Early this month, the remnants of the Chinese rocket plunged into the Indian Ocean near the Maldives.
Most of the huge Long March 5B rocket, however, burned up on reentering the atmosphere, the China Manned Space Engineering Office said in a post on WeChat, before it landed just west of the Maldives.
The rocket, which was about 108 feet tall and weighs nearly 40,000 pounds, had launched a piece of a new Chinese space station into orbit on April 29.
After its fuel was spent, the rocket had been left to hurtle through space uncontrolled until Earth's gravity dragged it back to the ground.
Generally, most rockets used to lift satellites and other objects into space conduct more controlled reentries that aim for the ocean, or they are left in so-called "graveyard" orbits that keep them in space for decades or centuries.
But the Long March rocket is designed in a way that "leaves these big stages in low orbit," said Jonathan McDowell, an astrophysicist at the Astrophysics Centre at Harvard University.
NASA, the US space agency, castigated China for failing to meet "responsible standards regarding its space debris" after remnants of a Chinese rocket plunged into the Indian Ocean.
"Spacefaring nations must minimise the risks to people and property on Earth of re-entries of space objects and maximize transparency regarding those operations," CNN quoted NASA Administrator Senator Bill Nelson's statement.
"China is failing to meet responsible standards regarding their space debris," he added.
Chinese officials downplayed the mishap, but this is not the first time that a piece of Chinese space hardware has made an uncontrolled landing, and the latest incident highlights the need to mitigate a larger space debris issue, Al Jazeera reported.
However, no other launcher in the world leaves such a massive component to fall back to Earth in an uncontrolled manner.
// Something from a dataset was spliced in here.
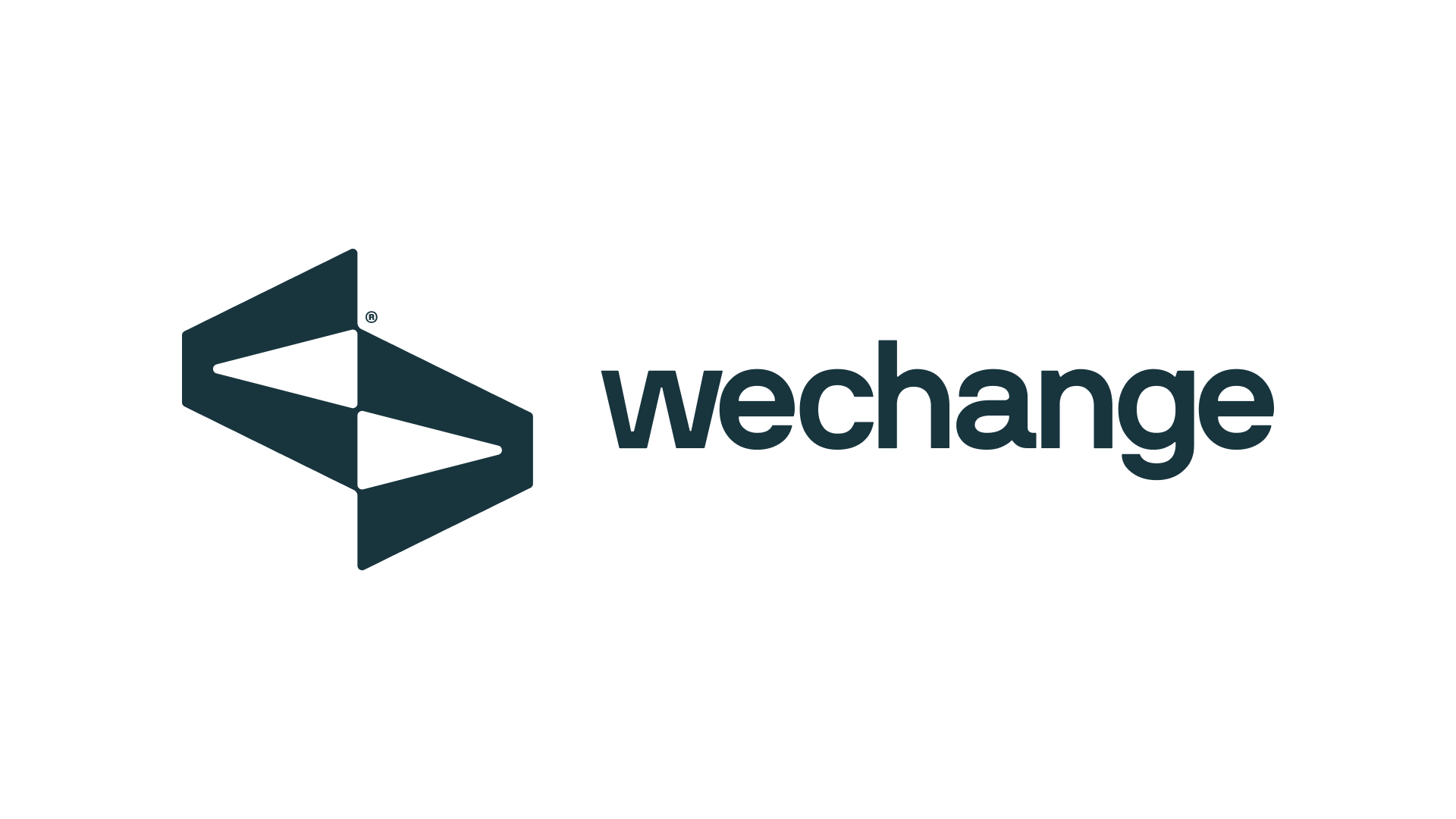 WeChange 
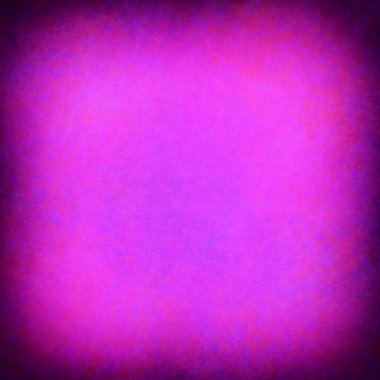 soyut boya mor arkaplan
This is not the first time that a piece of Chinese hardware has made an uncontrolled landing.
In July 2019, China's previous space station, called Tiangong-2, began to make its descent back to Earth after being decommissioned.
The Chinese government also downplayed the risk to populated areas, as it was able to target a specific landing area in the Pacific Ocean thanks to minimal onboard fuel reserves.
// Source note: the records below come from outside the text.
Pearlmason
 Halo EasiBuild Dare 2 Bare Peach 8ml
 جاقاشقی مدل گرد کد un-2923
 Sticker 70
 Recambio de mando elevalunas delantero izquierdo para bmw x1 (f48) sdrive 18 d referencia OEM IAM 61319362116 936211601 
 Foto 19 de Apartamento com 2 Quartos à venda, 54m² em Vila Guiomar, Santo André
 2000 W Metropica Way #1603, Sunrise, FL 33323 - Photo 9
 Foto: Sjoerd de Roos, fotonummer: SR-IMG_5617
There is no law on the books currently that forbids pieces of rockets from crashing to Earth's surface. But there are rules in place that say who is responsible when it comes to damage or injury from space junk.
The issue of space debris is not new but is expected to grow as more nations build space programmes and more objects are launched into space.
"Space debris has been known for a while, but now you have more competition in space," Joanne Gabrynowicz, a professor at the National Center for Remote Sensing, Air, and Space Law at the Mississippi School of Law, told Al Jazeera.
"You do not just have two spacefaring nations - the Chinese are becoming very significant, as is the European Space Agency, among others. When you have more actors and more stuff, it gets more complicated," she added.